With reference to the first aspect, an embodiment of the present invention provides a fifth possible implementation manner of the first aspect, where the shallow network includes a layer 2 and a layer 3 of the BERT pre-training model.

With reference to the first aspect, an embodiment of the present invention provides a sixth possible implementation manner of the first aspect, where the discrete features include left and right information entropies, mutual information, and statistics tf-idf.

In a second aspect, an embodiment of the present invention further provides a new word recognition apparatus based on a BERT pre-training model, including:

the acquisition module is used for acquiring the corpus information and performing word segmentation processing on the corpus information through an N-Gram word segmentation algorithm to obtain a plurality of new word words;

the output module is used for inputting the new words and phrases into a shallow network of a BERT pre-training model and outputting shallow dense vectors, wherein a bidirectional self-attention network is introduced into the BERT pre-training model, the shallow dense vectors comprise syntactic characteristic vectors and lexical characteristic vectors of the new words and phrases, and the shallow dense vectors are used for identifying boundary information of the new words and phrases;

the extraction module is used for extracting discrete characteristics of the new words;

and the recognition module is used for inputting the shallow dense vector and the discrete features into a DNN two-classification model and recognizing correct new words.

In a third aspect, an embodiment provides an electronic device, including a memory and a processor, where the memory stores a computer program operable on the processor, and the processor implements the steps of the method described in any one of the foregoing embodiments when executing the computer program.

In a fourth aspect, embodiments provide a machine-readable storage medium having stored thereon machine-executable instructions that, when invoked and executed by a processor, cause the processor to carry out the steps of the method of any preceding embodiment.

The embodiment of the invention provides a BERT pre-training model-based new word recognition method and a device, wherein possible new words are recognized through an N-Gram word segmentation algorithm, a shallow network of the BERT pre-training model with a bidirectional self-attention network is introduced to determine syntactic characteristic vectors and lexical characteristic vectors of the new words, so that the boundary information of the new words is obtained, the discrete characteristics of the words and the shallow dense vectors comprising the syntactic characteristic vectors and the lexical characteristic vectors are input into a DNN two-classification model, and whether the new words are actually correct new words is judged, so that the purpose of accurately recognizing the new words is realized, and the semantic recognition application is more accurate.

Additional features and advantages of the invention will be set forth in the description which follows, and in part will be obvious from the description, or may be learned by practice of the invention.

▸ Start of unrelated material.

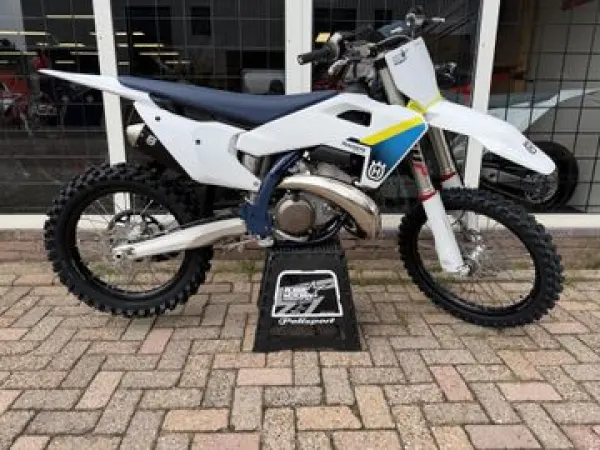 2025 Husqvarna TC 250 - € 8.999 · Bieden (1/1)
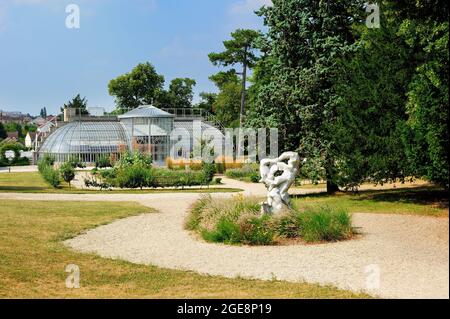 FRANCE, YVELINES (78) CONFLANS-SAINTE-HONORINE, PARK OF PRIORY, GARDEN AND GREENHOUSE Stock Photo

The objectives and other advantages of the invention will be realized and attained by the structure particularly pointed out in the written description and drawings.

In order to make the aforementioned and other objects, features and advantages of the present invention comprehensible, preferred embodiments accompanied with figures are described in detail below.

Drawings

In order to more clearly illustrate the embodiments of the present invention or the technical solutions in the prior art, the drawings used in the description of the embodiments or the prior art will be briefly described below, and it is obvious that the drawings in the following description are some embodiments of the present invention, and other drawings can be obtained by those skilled in the art without creative efforts.

Fig. 1 is a flowchart of a new word recognition method based on a BERT pre-training model according to an embodiment of the present invention;

fig. 2 is a schematic diagram of functional modules of a new word recognition apparatus based on a BERT pre-training model according to an embodiment of the present invention;

fig. 3 is a schematic diagram of a hardware architecture of an electronic device according to an embodiment of the present invention.

Detailed Description

To make the objects, technical solutions and advantages of the embodiments of the present invention clearer, the technical solutions of the present invention will be clearly and completely described below with reference to the accompanying drawings, and it is apparent that the described embodiments are some, but not all embodiments of the present invention. All other embodiments, which can be derived by a person skilled in the art from the embodiments given herein without making any creative effort, shall fall within the protection scope of the present invention.

In the current semantic recognition process, the new words cannot be accurately recognized, so that the accurate meanings of the sentences containing the new words cannot be recognized, for example, the small liriots become a slashed youth. The word combination after the word segmentation by adopting the old word algorithm comprises the following steps: the meaning of the sentence cannot be accurately recognized during semantic recognition and analysis based on the word combination of the small plum, the standing word, the one-word, the slash and the youth. Therefore, accurate recognition of new words is particularly important in semantic recognition applications.

The extraction of new words is generally performed by extracting discrete features of words, and the new words extracted in this way include: the method is characterized in that small plum, small plum stand, and the like are formed into one, namely, a stroke cyan, a stroke magenta and a stroke cyan, and the like.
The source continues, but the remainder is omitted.